Recorded information Start Marker

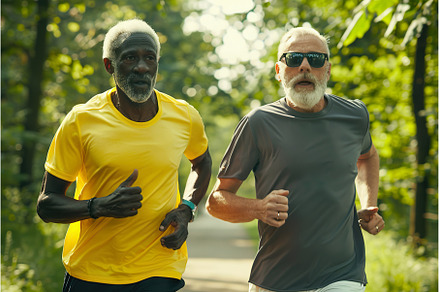 Senior Multiracial Men Jogging, a Sports & Recreation Photo by Lermont51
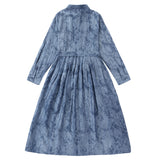 Textured Blue Floral Dress
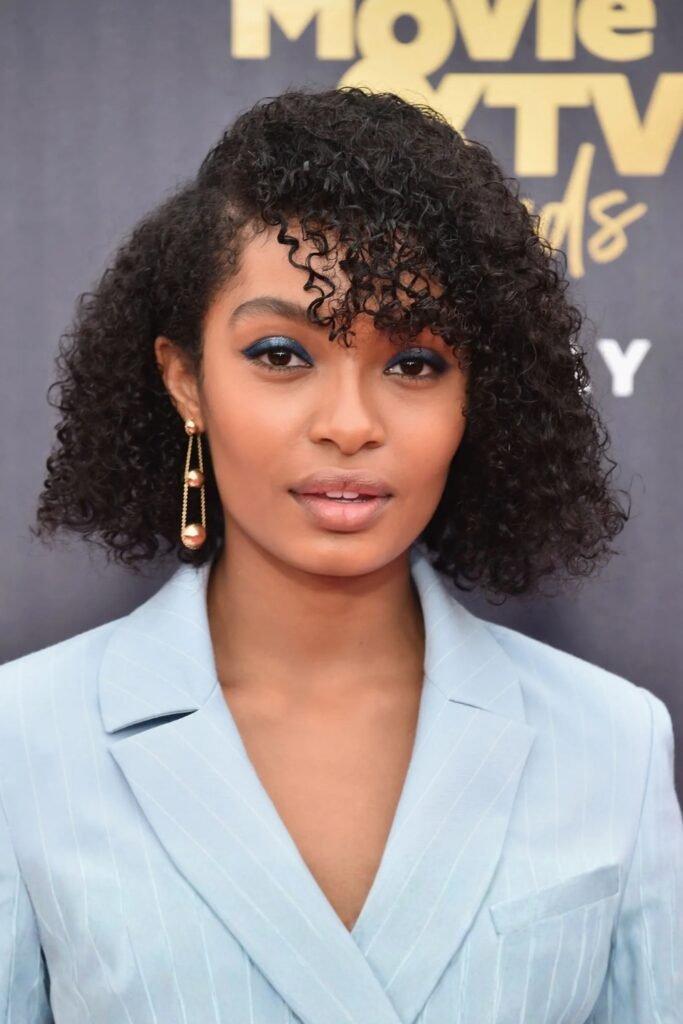 Curly Bob With Bangs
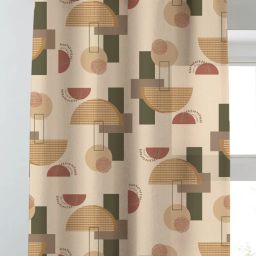 SPACES DRAPE STORY Boho Digital Print Cream & Brown Polyester 7 ft Door Curtains - Set of 2 image 2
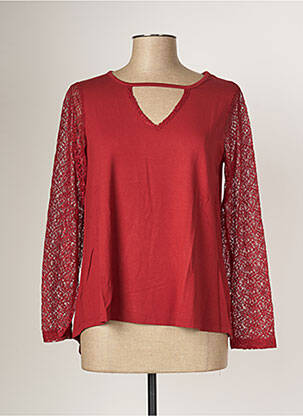 Top stretch manches longues rouge MALOKA femme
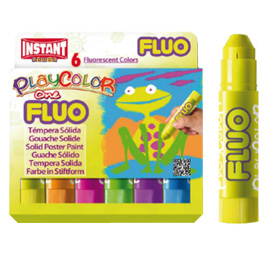 TEMPERA SOLIDA IN STICK PLAYCOLOR - 10 GR - COLORI FLUO - INSTANT - ASTUCCIO 6 STICK FLUO 79665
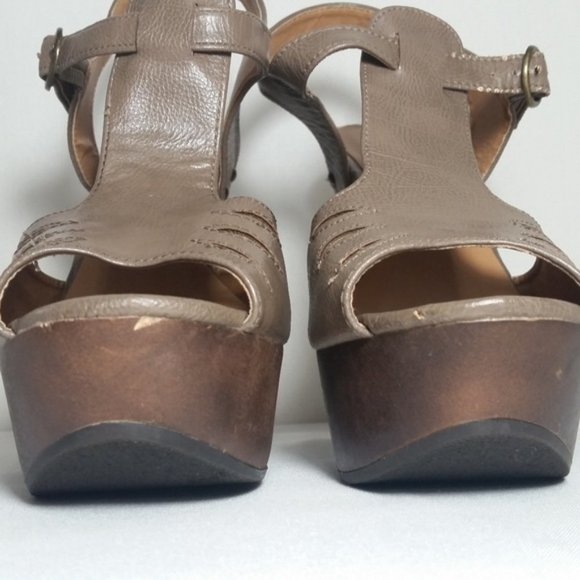Qupid Womens Strappy High Heeled Sandals brown 9 - Picture 4 of 8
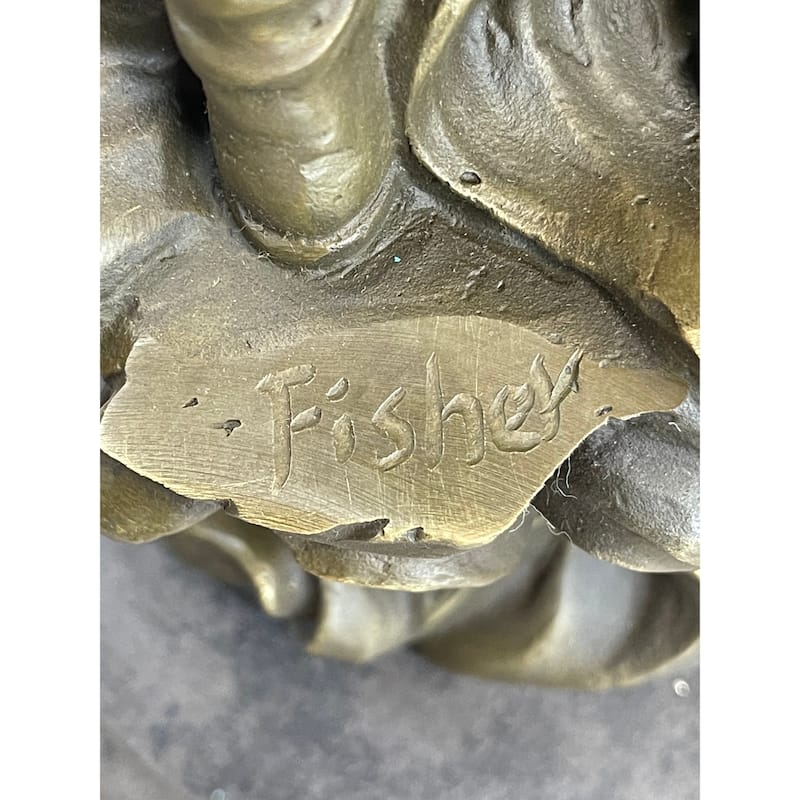 Ship Captain Imitative Fisherman Nautical Ocean Sailor Boating Decor Bronze Statue Sculpture 17.5 Inches X 7 Inches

Recorded information End Marker

Before you finish, make sure every line above has been repeated exactly and no picture remains in the copy.

## Response to the task
 Senior Multiracial Men Jogging, a Sports & Recreation Photo by Lermont51
 Textured Blue Floral Dress
 Curly Bob With Bangs
 SPACES DRAPE STORY Boho Digital Print Cream & Brown Polyester 7 ft Door Curtains - Set of 2 image 2
 Top stretch manches longues rouge MALOKA femme
 TEMPERA SOLIDA IN STICK PLAYCOLOR - 10 GR - COLORI FLUO - INSTANT - ASTUCCIO 6 STICK FLUO 79665
Qupid Womens Strappy High Heeled Sandals brown 9 - Picture 4 of 8
 Ship Captain Imitative Fisherman Nautical Ocean Sailor Boating Decor Bronze Statue Sculpture 17.5 Inches X 7 Inches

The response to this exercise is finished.